December 8, 1925 – January 13, 2013
Founder, South Central Texas Region
1994 – 2013
Lynda Handman Chiu, founder and longtime regional coordinator of the South Central Texas region, served the organization devotedly until the time of her passing, in January 2013. She inspired us with her imagination, her passion, and her vast knowledge of Jane Austen’s writing. Lynda admired Austen’s ability to reflect so acutely on the psychology of human emotion and character, and sought to share this with others. She was a constant learner and a motivating teacher.
We are forever grateful to Lynda for taking a chance on starting this region. We are here today because of her.
Lynda’s husband, Charles, has set up a website to her memory:
In Loving Memory of Lynda Chiu
A New Gravestone
On January 28, 2014, a new gravestone was placed. On this occasion, several friends and family were gathered to dedicate the stone. Judith Michaels represented the South Central Texas Region of JASNA and gave the following remarks:
“On the Occasion of Unveiling the stone in the cemetery.
“Lynda Handman Chiu, LHC, along with Jane Austen and the attendees at the first meeting, is the founder of the Jane Austen Society here. What I remember about Lynda’s role is the educational motive of the meetings, the fun of them, and the resourcefulness on her part to enjoy the eighteenth-century authoress Jane Austen in today’s world. Her format for the meetings survives to this day:
a) Reading and discussing a Jane Austen novel at each meeting in March, June, September, and December;
b) Celebrating annual events: the Box Hill Picnic with strawberries in late Spring and Jane Austen’s December birthday luncheon with Regency-inspired foods;
c) Delegating co-leadership of each meeting to alternating members who present a themed paper or an entertaining skit to reveal Jane Austen’s life, era, or characters in greater nuance;
d) Ending the meeting with lightly competitive group quizzes of five questions each, altogether twenty-five questions. Participants in the winning group with the most quiz points compete with each other to draw the highest numbered paper from a basket for the Grand Prize – a Jane Austen-related book or a piece of memorabilia. Participants in the unfortunately, but still brilliant, low-point group compete with each other to draw the lowest numbered paper from a basket for second prize.
“Along with education and entertainment, Lynda’s inspiring personal philosophy is a model for living, it being best to read and learn at every possible moment to balance personal time and social opportunity, to welcome people warmly into the fold – Lynda’s making one feel like a magician’s valuable gem with something precious inside it. For Lynda, Jane Austen’s novels link the past to the present, the generation to generation of readers, parents reading them aloud to children who reread the novels in adulthood, appreciating Jane Austen’s perennial situations in the lives of her characters.

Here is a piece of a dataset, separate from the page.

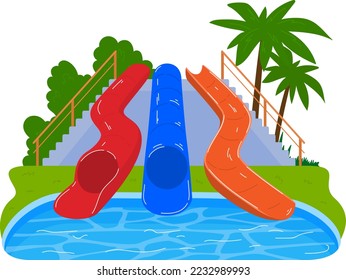 Water pool at aquapark, aqua slide in park design, vector illustration. Waterpark for summer cartoon recreation, vacation and fun amusement.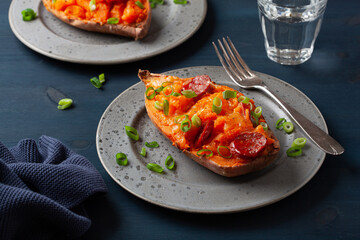 twice baked sweet potato with cheese and chorizo sausage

“At the end of this short speech, I wonder about the shared characteristics of Lynda Chiu and Jane Austen – the latter, an anonymously published author (at first), and the former, a teacher who explodes with the sense, sensibility, and humor of eighteenth-century charm. Both women reached the minds of more people than they know; both were formative influences upon people. Both were perceptive psychologists, inquisitive about what makes human beings tick in social situations, and about their society’s links to distant shores. Because of Lynda Handman Chiu’s friendship, insight, and warmth, members of the regional Jane Austen Society have a foundation upon which to celebrate more the English woman’s creative vision.”